[EXERCISE DATA]
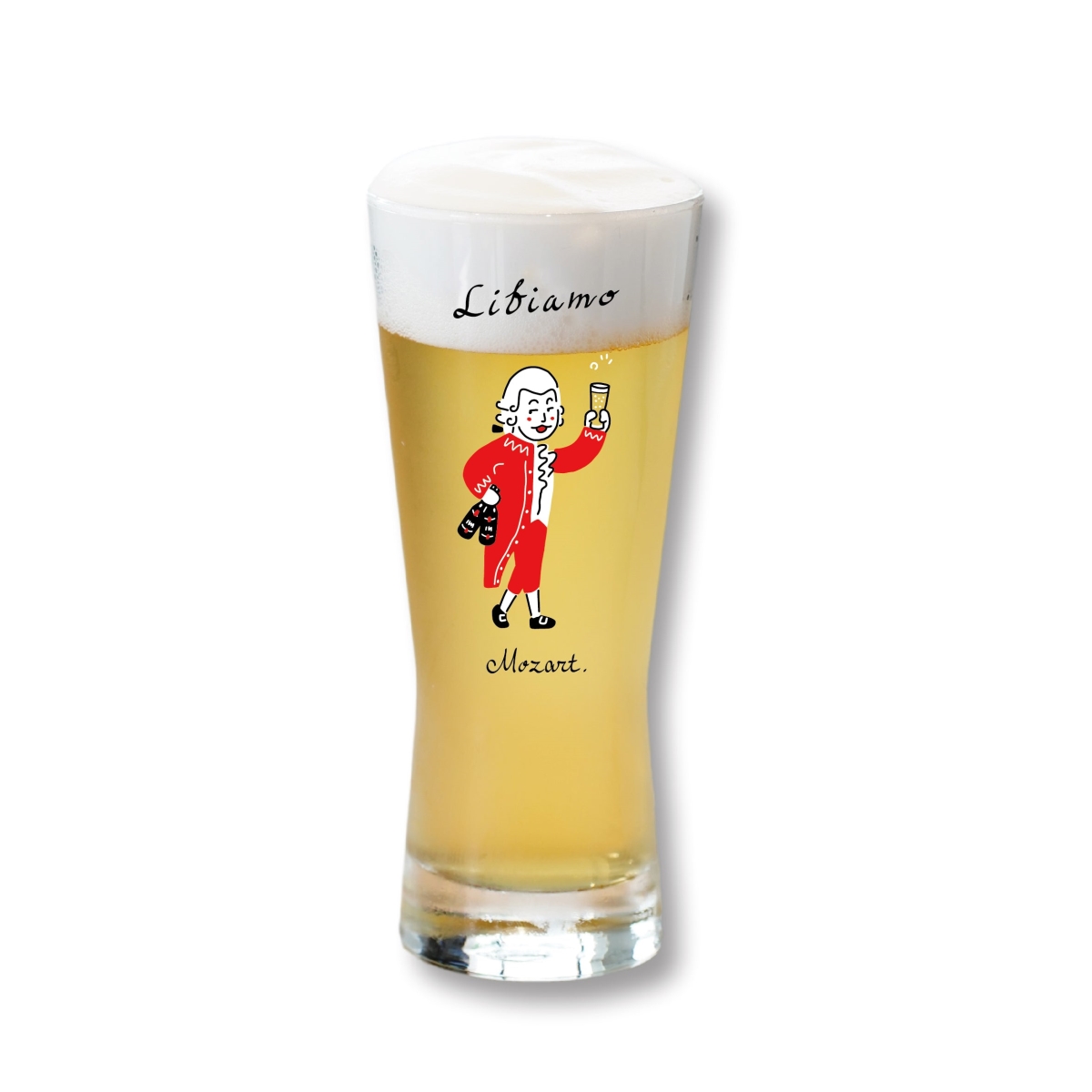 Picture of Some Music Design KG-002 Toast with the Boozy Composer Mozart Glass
[/EXERCISE DATA]
[EXERCISE DATA]
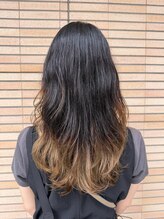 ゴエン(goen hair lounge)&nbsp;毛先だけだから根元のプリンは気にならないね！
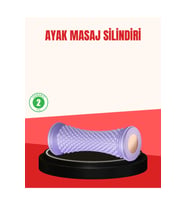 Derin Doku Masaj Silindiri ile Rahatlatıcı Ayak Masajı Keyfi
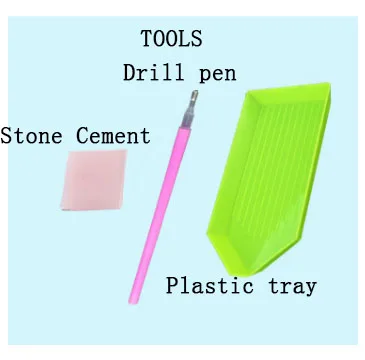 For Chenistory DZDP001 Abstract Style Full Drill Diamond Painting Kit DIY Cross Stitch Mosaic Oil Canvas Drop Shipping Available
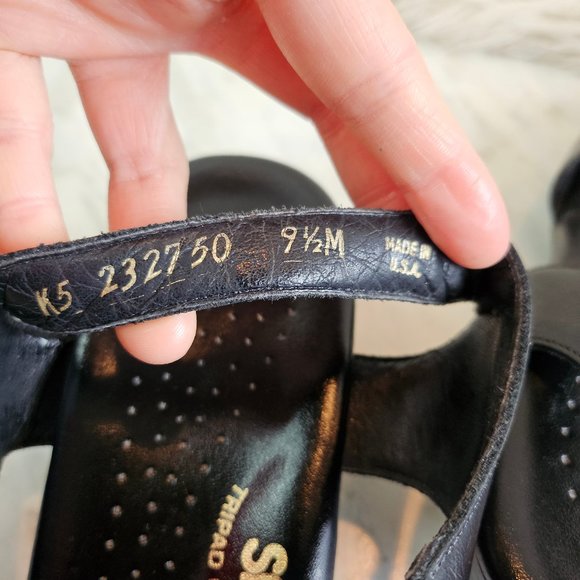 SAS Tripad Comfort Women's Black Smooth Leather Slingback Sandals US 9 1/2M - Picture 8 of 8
[/EXERCISE DATA]
EXERCISE DETAILS: Set the pictures aside and reproduce exactly the lines above, from the line holding "Derin Doku Masaj" through the line holding "SAS Tripad Comfort", both included, with nothing else.

SOLUTION BELOW:
 Derin Doku Masaj Silindiri ile Rahatlatıcı Ayak Masajı Keyfi
 For Chenistory DZDP001 Abstract Style Full Drill Diamond Painting Kit DIY Cross Stitch Mosaic Oil Canvas Drop Shipping Available
 SAS Tripad Comfort Women's Black Smooth Leather Slingback Sandals US 9 1/2M - Picture 8 of 8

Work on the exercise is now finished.